Cloud Service Terminology

EBS

EBS (Elastic Block Store) offers high-performance, scalable, durable, and low-latency block storage solutions. Within AutoMQ's system design, EBS is employed to temporarily hold some message data that has not been transferred to object storage, thereby reducing message transmission and reception delays. Note that different cloud service providers may offer similar services under various product names.

S3

S3 (Simple Storage Service) provides secure, durable, and highly scalable object storage services. In AutoMQ's system architecture, object storage serves as the primary storage medium for messages, featuring on-demand access, pay-as-you-go pricing, and a significant reduction in storage costs by up to 90% compared to Apache N2k.
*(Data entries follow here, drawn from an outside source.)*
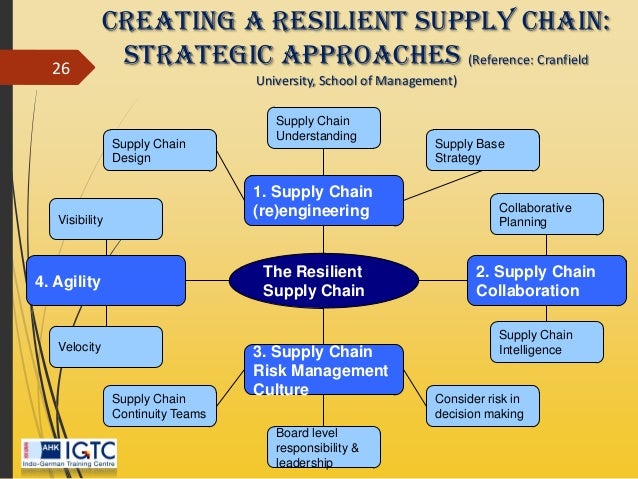 the do d supply chain essay Supply chain management essay there is a need to analyze the military supply chain in relation to the use of the traditional supply chains that focus on. the do d supply chain essay Supply chain management essay there is a need to analyze the military supply chain in relation to the use of the traditional supply chains that focus on.
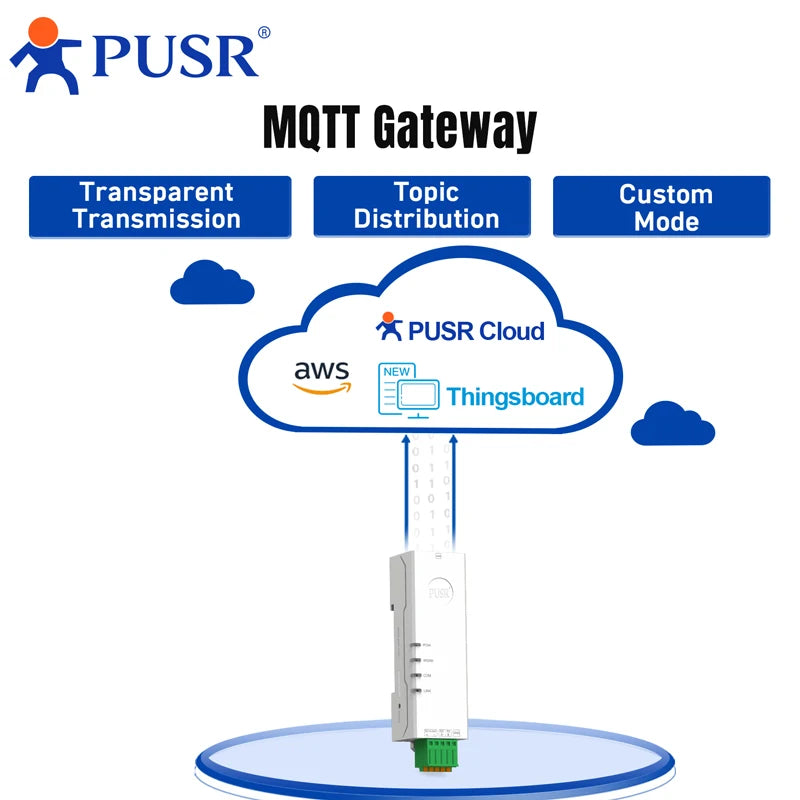PUSR Din Rail RS485 RS232 to Ethernet Converter Serial Server MQTT/HTTP Modbus RTU to TCP Gateway Edge Computing USR-DR132/134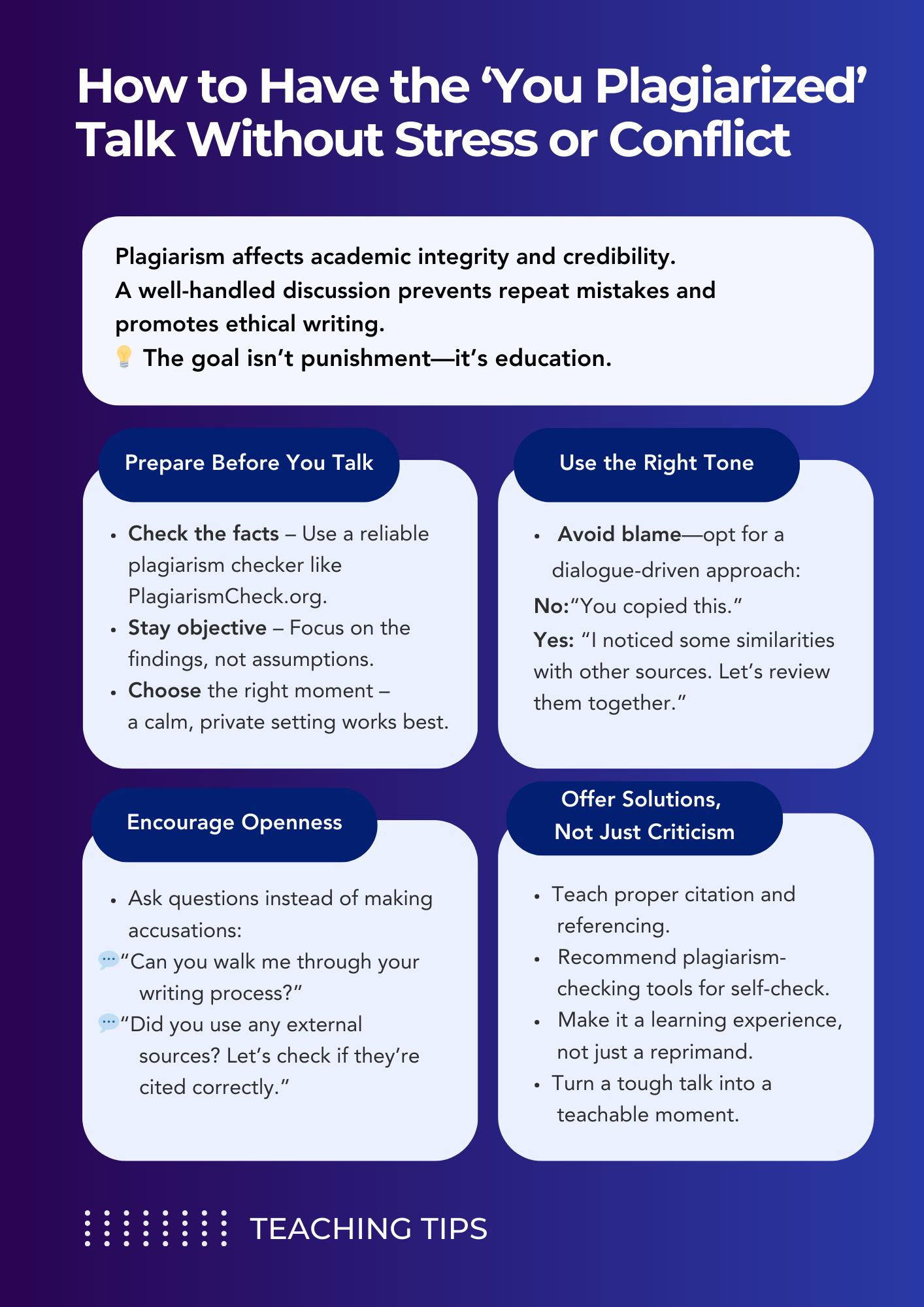 does moodle check for plagiarism
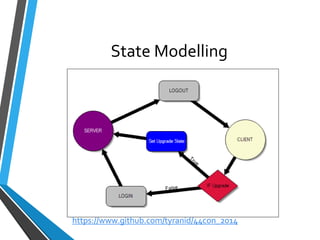 State Modelling 
https://www.github.com/tyranid/44con_2014 
 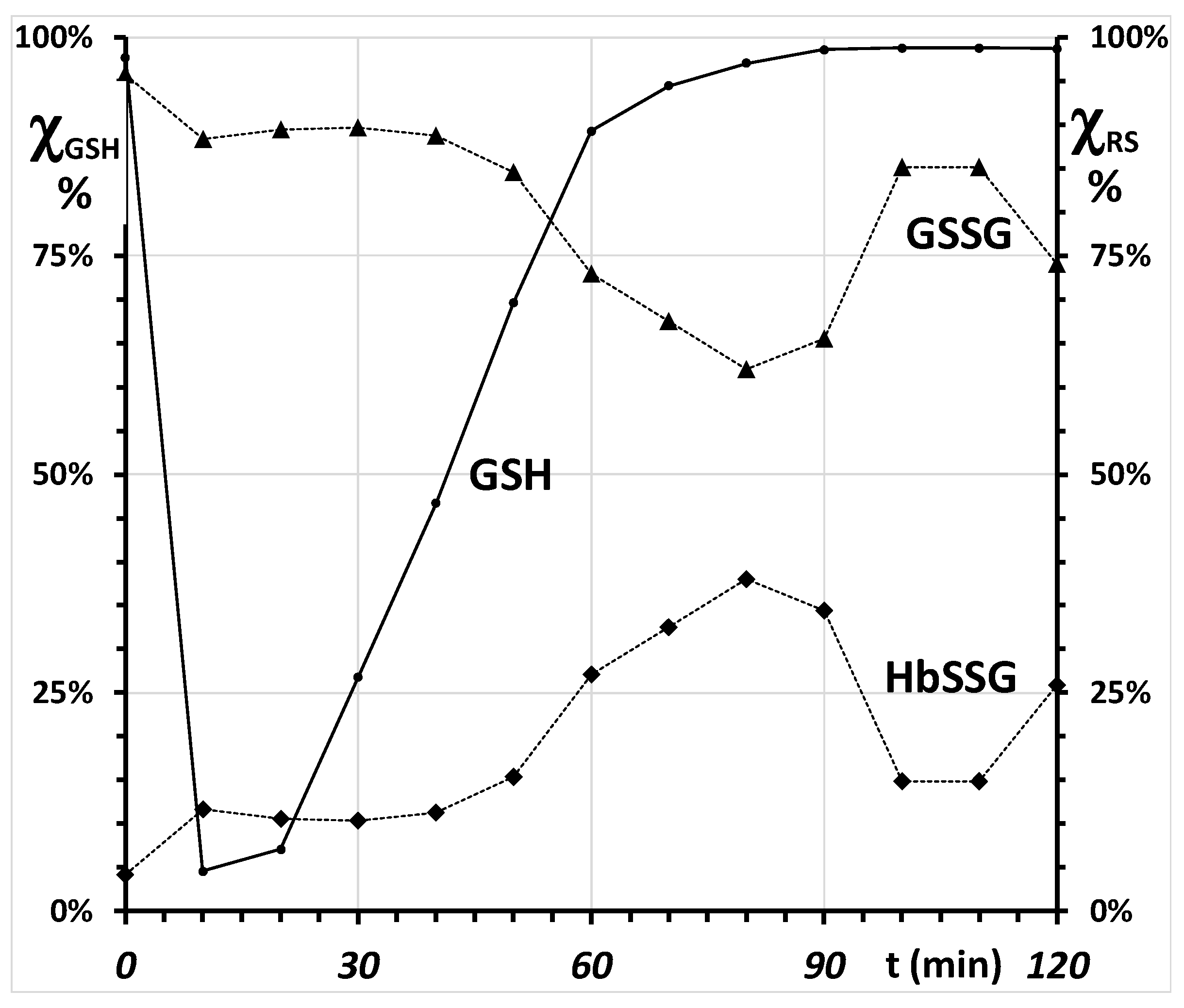 Molecules 26 02528 g003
S3 is also referred to as object storage in subsequent documents, and various cloud service providers may use different names for their object storage services.

Bucket

A Bucket is the basic container for object storage services, facilitating efficient data management. Before deploying AutoMQ, it is essential to allocate some Buckets for configuring message storage.

Auto Scaling Group( ASG)

Auto Scaling Group (ASG) is a service that automatically adjusts computing resources to meet application load demands. ASG can increase or decrease the number of instances in a virtual host group automatically, ensuring high availability of applications and optimizing costs. AutoMQ leverages ASG for features like automatic elastic scaling. Different cloud service providers may offer various product names for ASG.

Apache Kafka® Terminology

Broker

A Broker in the Apache Kafka® system acts as the logical role for processing, storing, and transmitting messages, with multiple Broker nodes together forming a Kafka cluster. In AutoMQ's system design, a Broker specifically refers to the standard role involved in message sending and receiving, excluding the Controller role responsible for scheduling and allocation.

Controller

A Controller in the Apache Kafka® system is the logical role for scheduling and coordinating task distribution among multiple nodes. Depending on the version, the implementation of a Controller may vary. In AutoMQ's system design, the Controller is built on the KRaft mode and does not rely on ZooKeeper services. Among multiple Controller nodes, one acts as the Active Controller, serving as the primary decision-making node.

Partition

A Partition is the logical segment of an Apache Kafka® Topic, used to facilitate parallel processing of data and enhance throughput capabilities. Each Partition is an ordered, immutable sequence of messages. In AutoMQ's system design, the Partition retains its original functional definition but is no longer stored on local disks; instead, it is constructed using object storage to achieve unlimited capacity and on-demand scalability.

AutoMQ® Terminology

AutoMQ

AutoMQ is a new generation of Apache Kafka® distribution, redesigned based on cloud-native principles. While being 100% compatible with the Apache Kafka® protocol, it offers up to a tenfold cost advantage and hundreds of times the scalability benefits.

S3Stream

S3Stream is a low-latency, high-throughput, scalable, and cost-effective streaming repository built on EBS and Object storage, seamlessly integrated through the Stream operation interface. AutoMQ, which encapsulates S3Stream, has replaced Apache Kafka®'s log storage. It ensures 100% compatibility with the upper-layer functions of Apache Kafka® while providing a tenfold cost reduction and vastly improved scalability, reaching hundreds of times that of Apache Kafka®.

S3Url

S3Url is a unified configuration item utilized by AutoMQ for swift cluster startup, encompassing object storage access points and identity details. Users are advised to employ installation tools to create the S3Url configuration to pre-validate parameter accuracy and resource compatibility, thereby bypassing the complex cluster ID creation and storage formatting required in Apache Kafka®.

WAL

WAL is a high-throughput, low-latency, persistent cache within the S3Stream library based on EBS, designated for temporarily caching data not yet committed to object storage. In AutoMQ, WAL is assigned per Broker granularity. When a message is received, the Broker initially logs the message to WAL sequentially, promptly responds to the client, and subsequently, asynchronously uploads the WAL content to object storage.

Stream Object

Stream Object is the fundamental unit within S3Stream designated for storing Stream data. Data from each Stream is divided among several Stream Objects, collectively emulating an infinite Stream.

Stream Set Object

Stream Set Object is a temporary data structure in S3Stream utilized to consolidate fragmented Stream write requests. When transferring temporary data from WAL to object storage, data from various fragmented Streams are merged into a single Stream Set Object prior to upload. Thereafter, the Stream Set Object is asynchronously sorted and organized into regular Stream Objects.